Most business managers preach that the key to success is holding employees accountable for actions. I have found that successful entrepreneurs are all about holding themselves accountable. They skip the blame and make things happen, despite major obstacles.
In reality, the picture is a bit larger than this, as outlined in a new book “Leading with GRIT,” by Laurie Sudbrink, a well-known business leadership coach and speaker. She defines GRIT® as Generosity, Respect, Integrity, and Truth, with accountability being a major component of integrity. All these elements, can move people from accountability to total leadership.
Accountability, can be explained in the Accountability Ladder. It has been included in every Management 101 class for many years. Unfortunately, most entrepreneurs never get the opportunity to take this class. Here are the eight basic proponents:
- No accountability, person totally unaware of failures. These are business people, who do not have a clue about what is required or the devastation they leave behind. These people think they are doing a great job, and do not know that their customers are unhappy.
- Use blame and complain in lieu of accepting accountability. Some business people always play the victim, finding someone or some natural force as the cause for all their failures. This blame can be towards unfair managers, blaming economic downturns, and irrational customer expectations for missed commitments.
- People deliver excuses rather than results. It is easy for an entrepreneur or an employee to convince themselves that they would have been successful if they had more time, received more funding, or had the proper training to do the job. Usually the real culprit is procrastination, lack of focus, or low productivity, and lack of metrics.
- Wait and hope for a miracle. Entrepreneurs with the mantra “if we build it, they will come,” and executives who do not communicate their expectations, fall into this category. Employees cannot be accountable, if they do not know what is expected of them. Entrepreneurs will not be successful if they have a passion, but no plan and no target.
- Accountability starts by acknowledging reality. Business people at this level recognize the magnitude of the workload, and the specific tasks required for success. Smart entrepreneurs know they must deliver a quality product, develop a winning business model, and attract real customers. All that is left is to commit and deliver.
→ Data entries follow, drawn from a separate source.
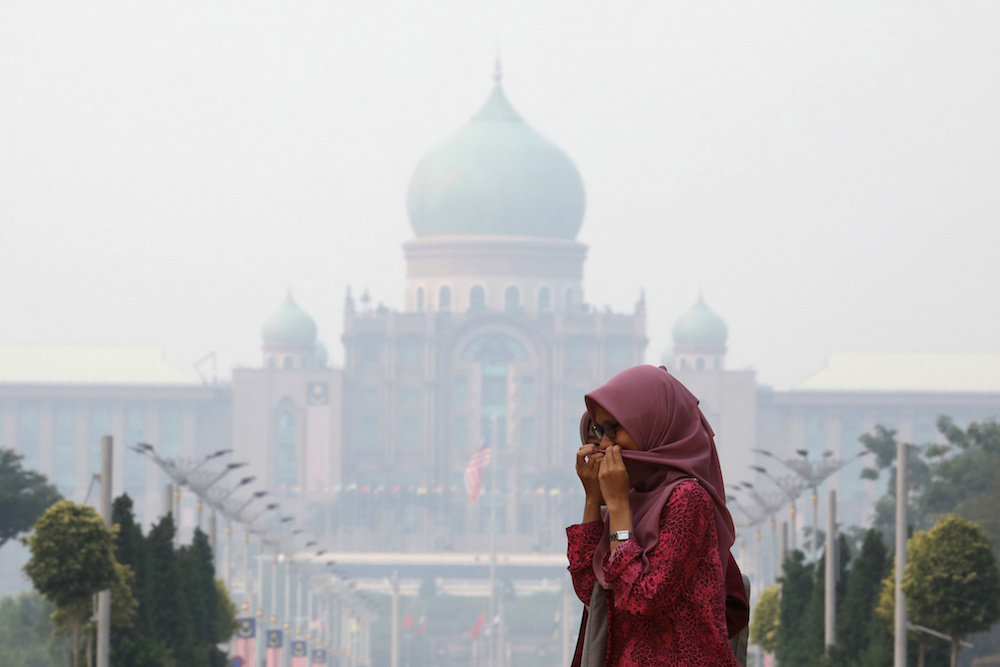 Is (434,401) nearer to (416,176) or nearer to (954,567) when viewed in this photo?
(416,176)

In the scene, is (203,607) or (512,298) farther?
(512,298)

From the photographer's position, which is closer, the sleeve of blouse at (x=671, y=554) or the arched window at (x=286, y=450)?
the sleeve of blouse at (x=671, y=554)

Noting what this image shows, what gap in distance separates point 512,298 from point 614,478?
94340 millimetres

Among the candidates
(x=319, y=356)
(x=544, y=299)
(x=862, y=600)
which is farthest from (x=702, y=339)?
(x=862, y=600)

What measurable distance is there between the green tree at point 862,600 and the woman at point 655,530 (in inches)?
828

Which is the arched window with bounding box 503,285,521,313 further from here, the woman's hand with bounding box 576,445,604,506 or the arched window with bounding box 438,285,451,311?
the woman's hand with bounding box 576,445,604,506

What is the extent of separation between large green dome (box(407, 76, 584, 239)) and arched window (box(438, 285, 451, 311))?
2787 millimetres

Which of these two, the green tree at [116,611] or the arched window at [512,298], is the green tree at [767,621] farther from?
the arched window at [512,298]

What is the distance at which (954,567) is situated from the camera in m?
20.9

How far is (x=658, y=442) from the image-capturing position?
417 cm

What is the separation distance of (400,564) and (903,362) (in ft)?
116

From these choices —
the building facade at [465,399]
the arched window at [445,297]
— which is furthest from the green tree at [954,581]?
the arched window at [445,297]

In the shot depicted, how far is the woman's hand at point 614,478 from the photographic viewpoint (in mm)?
4184

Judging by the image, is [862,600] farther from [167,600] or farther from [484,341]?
[484,341] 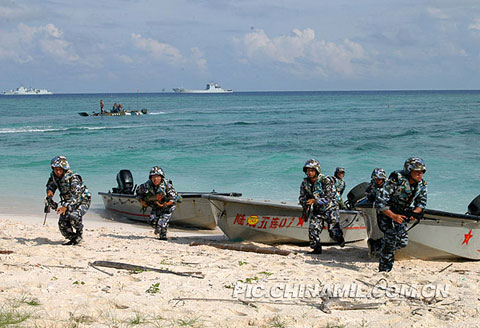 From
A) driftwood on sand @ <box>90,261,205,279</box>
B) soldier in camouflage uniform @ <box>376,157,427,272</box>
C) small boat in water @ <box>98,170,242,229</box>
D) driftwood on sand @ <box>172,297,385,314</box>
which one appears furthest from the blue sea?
driftwood on sand @ <box>172,297,385,314</box>

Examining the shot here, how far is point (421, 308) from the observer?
6.06 m

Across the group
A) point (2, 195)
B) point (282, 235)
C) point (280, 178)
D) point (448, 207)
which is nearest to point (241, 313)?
point (282, 235)

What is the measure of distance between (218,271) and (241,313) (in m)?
1.77

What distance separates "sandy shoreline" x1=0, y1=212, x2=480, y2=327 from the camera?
5.63m

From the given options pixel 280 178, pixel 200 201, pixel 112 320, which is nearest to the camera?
pixel 112 320

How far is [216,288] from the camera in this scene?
6.72 m

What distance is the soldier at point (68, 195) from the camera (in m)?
8.94

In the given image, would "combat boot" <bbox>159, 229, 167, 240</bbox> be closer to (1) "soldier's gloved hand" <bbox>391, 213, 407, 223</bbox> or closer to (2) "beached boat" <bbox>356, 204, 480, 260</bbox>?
(2) "beached boat" <bbox>356, 204, 480, 260</bbox>

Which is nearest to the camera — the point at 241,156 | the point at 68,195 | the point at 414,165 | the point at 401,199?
the point at 414,165

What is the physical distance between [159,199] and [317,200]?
2.99 meters

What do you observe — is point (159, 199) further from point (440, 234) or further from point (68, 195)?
point (440, 234)

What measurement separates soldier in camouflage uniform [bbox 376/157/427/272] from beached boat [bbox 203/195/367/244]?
91.4 inches

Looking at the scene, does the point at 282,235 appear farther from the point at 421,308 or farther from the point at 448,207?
the point at 448,207

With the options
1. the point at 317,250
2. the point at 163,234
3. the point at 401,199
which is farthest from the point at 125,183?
the point at 401,199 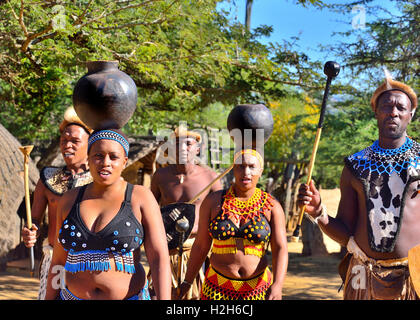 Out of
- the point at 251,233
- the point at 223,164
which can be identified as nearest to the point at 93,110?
the point at 251,233

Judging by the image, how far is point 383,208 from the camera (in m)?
3.35

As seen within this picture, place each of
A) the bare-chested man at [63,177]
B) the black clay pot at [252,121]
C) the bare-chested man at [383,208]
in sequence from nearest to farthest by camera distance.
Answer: the bare-chested man at [383,208] < the black clay pot at [252,121] < the bare-chested man at [63,177]

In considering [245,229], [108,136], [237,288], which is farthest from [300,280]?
[108,136]

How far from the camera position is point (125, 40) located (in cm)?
670

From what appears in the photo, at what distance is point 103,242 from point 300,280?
772 centimetres

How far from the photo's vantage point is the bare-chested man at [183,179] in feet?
18.7

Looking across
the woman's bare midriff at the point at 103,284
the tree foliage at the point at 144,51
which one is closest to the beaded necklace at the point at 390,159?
the woman's bare midriff at the point at 103,284

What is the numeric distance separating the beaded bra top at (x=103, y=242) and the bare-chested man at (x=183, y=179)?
3.02m

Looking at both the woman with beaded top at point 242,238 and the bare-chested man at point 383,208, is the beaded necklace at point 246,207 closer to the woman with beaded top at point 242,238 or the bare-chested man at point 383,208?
the woman with beaded top at point 242,238

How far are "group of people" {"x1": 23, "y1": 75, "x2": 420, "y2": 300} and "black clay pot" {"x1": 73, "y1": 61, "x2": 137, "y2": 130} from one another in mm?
79

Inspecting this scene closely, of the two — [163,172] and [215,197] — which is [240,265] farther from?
[163,172]

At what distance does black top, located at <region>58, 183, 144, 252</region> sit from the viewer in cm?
257

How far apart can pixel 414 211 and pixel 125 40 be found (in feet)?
15.5

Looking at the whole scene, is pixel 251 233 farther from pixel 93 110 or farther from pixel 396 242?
pixel 93 110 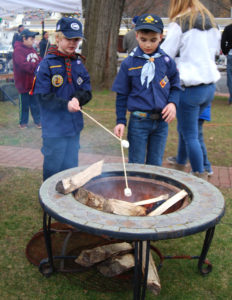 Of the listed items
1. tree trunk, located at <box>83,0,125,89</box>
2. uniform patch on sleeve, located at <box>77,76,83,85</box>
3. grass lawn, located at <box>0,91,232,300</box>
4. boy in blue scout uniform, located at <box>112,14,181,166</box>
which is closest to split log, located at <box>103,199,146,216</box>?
grass lawn, located at <box>0,91,232,300</box>

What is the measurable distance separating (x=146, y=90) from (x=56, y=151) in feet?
3.10

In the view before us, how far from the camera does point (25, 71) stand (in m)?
6.01

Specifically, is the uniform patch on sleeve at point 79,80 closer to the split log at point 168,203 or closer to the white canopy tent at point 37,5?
the split log at point 168,203

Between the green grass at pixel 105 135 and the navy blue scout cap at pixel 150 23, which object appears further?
the green grass at pixel 105 135

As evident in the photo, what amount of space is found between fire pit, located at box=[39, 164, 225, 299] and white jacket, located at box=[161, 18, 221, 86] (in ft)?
3.97

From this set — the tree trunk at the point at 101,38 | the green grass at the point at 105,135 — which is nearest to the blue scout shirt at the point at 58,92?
the green grass at the point at 105,135

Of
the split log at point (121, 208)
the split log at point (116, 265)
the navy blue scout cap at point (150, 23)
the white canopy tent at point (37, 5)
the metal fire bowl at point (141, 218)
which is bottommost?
the split log at point (116, 265)

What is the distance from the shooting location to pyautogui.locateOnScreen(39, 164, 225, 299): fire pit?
1637 mm

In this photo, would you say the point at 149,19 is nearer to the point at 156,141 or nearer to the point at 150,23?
the point at 150,23

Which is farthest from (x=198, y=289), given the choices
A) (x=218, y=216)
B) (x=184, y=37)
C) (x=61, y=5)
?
(x=61, y=5)

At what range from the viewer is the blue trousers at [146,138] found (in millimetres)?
2869

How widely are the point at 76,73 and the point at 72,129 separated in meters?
0.48

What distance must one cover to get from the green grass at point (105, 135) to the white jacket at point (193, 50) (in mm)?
1437

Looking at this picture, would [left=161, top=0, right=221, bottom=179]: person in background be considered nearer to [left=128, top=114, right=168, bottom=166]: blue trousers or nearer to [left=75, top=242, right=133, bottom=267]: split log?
[left=128, top=114, right=168, bottom=166]: blue trousers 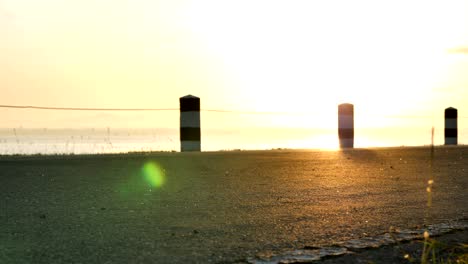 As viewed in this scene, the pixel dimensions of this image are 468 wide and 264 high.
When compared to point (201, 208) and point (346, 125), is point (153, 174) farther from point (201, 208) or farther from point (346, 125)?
point (346, 125)

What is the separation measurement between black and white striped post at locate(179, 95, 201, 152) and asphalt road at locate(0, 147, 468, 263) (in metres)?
4.50

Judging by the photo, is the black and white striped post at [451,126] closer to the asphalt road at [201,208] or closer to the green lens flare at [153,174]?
the asphalt road at [201,208]

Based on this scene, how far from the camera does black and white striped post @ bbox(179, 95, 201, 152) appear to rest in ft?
45.4

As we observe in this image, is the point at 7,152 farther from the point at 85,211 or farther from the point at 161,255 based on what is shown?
the point at 161,255

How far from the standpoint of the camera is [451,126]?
19.4m

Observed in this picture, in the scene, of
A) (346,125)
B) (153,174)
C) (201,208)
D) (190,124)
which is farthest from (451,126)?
(201,208)

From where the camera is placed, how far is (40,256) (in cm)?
341

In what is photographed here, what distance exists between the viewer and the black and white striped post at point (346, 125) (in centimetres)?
1700

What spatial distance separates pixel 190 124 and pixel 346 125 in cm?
544

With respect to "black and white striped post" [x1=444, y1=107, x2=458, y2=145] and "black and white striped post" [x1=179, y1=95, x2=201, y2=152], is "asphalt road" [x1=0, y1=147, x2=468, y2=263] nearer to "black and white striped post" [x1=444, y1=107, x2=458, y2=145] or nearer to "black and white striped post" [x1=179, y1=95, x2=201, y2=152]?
"black and white striped post" [x1=179, y1=95, x2=201, y2=152]

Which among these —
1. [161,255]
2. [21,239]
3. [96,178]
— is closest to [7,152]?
[96,178]

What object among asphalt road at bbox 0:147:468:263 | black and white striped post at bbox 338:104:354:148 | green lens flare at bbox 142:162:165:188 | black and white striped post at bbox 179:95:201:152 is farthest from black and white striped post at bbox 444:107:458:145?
green lens flare at bbox 142:162:165:188

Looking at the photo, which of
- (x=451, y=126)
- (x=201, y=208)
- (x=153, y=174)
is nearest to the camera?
(x=201, y=208)

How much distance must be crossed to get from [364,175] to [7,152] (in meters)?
7.71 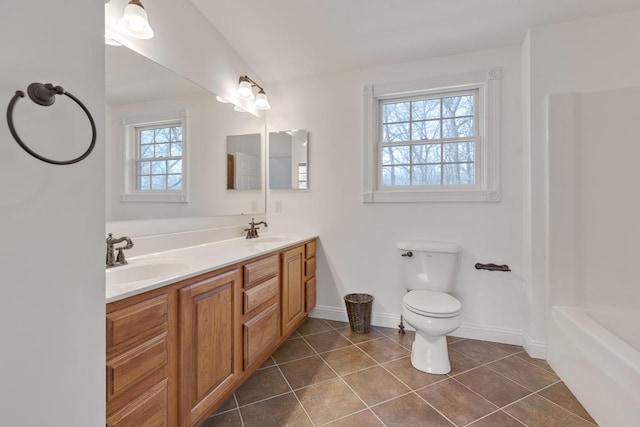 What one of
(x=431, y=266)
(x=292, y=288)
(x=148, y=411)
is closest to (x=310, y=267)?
(x=292, y=288)

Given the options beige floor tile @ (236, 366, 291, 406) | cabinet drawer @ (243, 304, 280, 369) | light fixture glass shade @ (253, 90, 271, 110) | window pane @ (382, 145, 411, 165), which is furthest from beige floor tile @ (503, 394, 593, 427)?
light fixture glass shade @ (253, 90, 271, 110)

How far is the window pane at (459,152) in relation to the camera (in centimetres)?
247

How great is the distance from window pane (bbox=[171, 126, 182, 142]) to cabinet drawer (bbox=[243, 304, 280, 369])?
4.12ft

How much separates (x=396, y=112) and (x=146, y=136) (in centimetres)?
200

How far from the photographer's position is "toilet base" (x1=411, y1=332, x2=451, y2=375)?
6.34 feet

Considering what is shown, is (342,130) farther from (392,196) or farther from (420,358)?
(420,358)

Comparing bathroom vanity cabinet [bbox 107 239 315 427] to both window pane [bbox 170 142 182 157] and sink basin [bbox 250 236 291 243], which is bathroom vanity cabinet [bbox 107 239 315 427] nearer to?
sink basin [bbox 250 236 291 243]

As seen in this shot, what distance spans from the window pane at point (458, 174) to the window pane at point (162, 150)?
213cm

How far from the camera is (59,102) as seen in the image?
0.68m

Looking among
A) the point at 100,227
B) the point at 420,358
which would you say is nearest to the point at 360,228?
the point at 420,358

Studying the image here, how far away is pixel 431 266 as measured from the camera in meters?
2.28

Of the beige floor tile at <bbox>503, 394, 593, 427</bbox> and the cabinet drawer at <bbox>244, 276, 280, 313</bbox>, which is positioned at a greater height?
the cabinet drawer at <bbox>244, 276, 280, 313</bbox>

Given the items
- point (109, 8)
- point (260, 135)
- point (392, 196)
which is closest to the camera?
point (109, 8)

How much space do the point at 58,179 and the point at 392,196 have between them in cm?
226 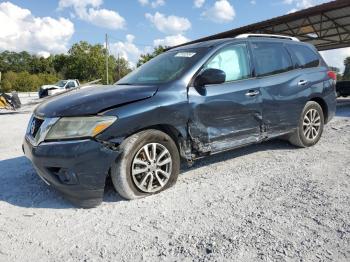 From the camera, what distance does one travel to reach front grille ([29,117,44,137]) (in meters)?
3.58

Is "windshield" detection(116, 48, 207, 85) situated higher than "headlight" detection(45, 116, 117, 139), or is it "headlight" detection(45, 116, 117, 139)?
"windshield" detection(116, 48, 207, 85)

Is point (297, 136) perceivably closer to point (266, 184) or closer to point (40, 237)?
point (266, 184)

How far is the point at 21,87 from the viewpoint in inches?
2116

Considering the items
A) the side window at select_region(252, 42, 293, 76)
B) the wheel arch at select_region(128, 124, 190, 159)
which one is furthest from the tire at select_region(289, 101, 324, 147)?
the wheel arch at select_region(128, 124, 190, 159)

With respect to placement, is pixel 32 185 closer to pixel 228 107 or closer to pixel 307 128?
pixel 228 107

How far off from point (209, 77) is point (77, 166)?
5.71 ft

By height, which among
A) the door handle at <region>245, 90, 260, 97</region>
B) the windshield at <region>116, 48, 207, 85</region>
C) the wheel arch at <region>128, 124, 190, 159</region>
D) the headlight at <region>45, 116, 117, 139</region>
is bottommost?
the wheel arch at <region>128, 124, 190, 159</region>

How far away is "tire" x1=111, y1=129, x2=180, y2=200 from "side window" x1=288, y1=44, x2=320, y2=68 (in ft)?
9.17

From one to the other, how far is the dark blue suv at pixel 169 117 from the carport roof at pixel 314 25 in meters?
8.93

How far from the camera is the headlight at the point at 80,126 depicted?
128 inches

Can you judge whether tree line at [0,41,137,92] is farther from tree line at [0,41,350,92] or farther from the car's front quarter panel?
the car's front quarter panel

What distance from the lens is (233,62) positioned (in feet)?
14.6

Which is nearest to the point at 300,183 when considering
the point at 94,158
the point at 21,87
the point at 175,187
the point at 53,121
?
the point at 175,187

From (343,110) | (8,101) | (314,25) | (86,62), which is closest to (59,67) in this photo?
→ (86,62) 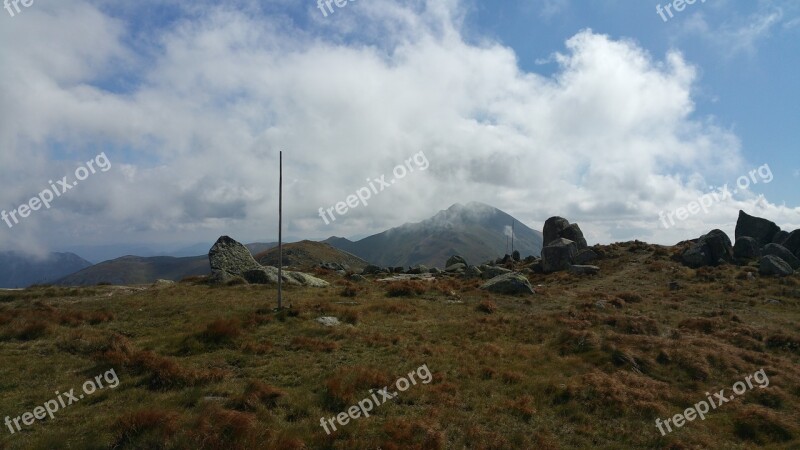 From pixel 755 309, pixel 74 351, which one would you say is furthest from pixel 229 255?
pixel 755 309

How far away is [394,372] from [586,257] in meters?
51.7

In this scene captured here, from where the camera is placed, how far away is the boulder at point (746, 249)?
56200mm

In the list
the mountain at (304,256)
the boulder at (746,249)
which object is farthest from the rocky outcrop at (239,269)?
the boulder at (746,249)

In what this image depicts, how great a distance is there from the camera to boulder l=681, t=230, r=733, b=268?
52.8 metres

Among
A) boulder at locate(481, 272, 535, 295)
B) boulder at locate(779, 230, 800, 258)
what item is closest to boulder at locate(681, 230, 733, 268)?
boulder at locate(779, 230, 800, 258)

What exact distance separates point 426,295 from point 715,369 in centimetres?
2204

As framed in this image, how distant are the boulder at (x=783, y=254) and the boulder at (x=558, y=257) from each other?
77.2 feet

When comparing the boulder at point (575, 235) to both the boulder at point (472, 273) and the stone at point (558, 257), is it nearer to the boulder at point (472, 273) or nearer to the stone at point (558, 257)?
the stone at point (558, 257)

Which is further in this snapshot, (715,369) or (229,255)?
(229,255)

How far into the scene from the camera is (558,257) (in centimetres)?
5884

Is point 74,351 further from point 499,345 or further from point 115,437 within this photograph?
point 499,345

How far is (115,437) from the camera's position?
1059cm

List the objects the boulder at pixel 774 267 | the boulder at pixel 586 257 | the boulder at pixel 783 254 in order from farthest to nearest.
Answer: the boulder at pixel 586 257 → the boulder at pixel 783 254 → the boulder at pixel 774 267

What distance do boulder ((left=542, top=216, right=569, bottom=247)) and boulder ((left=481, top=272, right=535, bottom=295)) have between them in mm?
32550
- The next step is to accept ownership and responsibility. Moving forward into the business realities requires courage, commitment, and determination to succeed. If the motivation is not strong enough, it is easy for people to fail, and cover their lack of ownership with excuses, blame, and complaints.
- Apply known solutions to predictable tasks and challenges. Most good employees and executives perform at this level of accountability. They admit to owning the situation. They pride themselves on their professional abilities. When the totally unexpected happens, they may be quick unload the problem up the line, or fail.
- Accept total accountability and make it happen. These are the cherished entrepreneurs who succeed despite tough odds. The employees who come up with new approaches to delight your customers, achieve breakthrough goals, and develop innovative new products for markets.
Accountability should be the guiding principle for entrepreneurs who seek to change the world. It is also for employees who want to stand out above the rest. Before you start assessing accountability in others, it usually pays to take a hard look at yourself in the mirror. Are you accountable for your actions?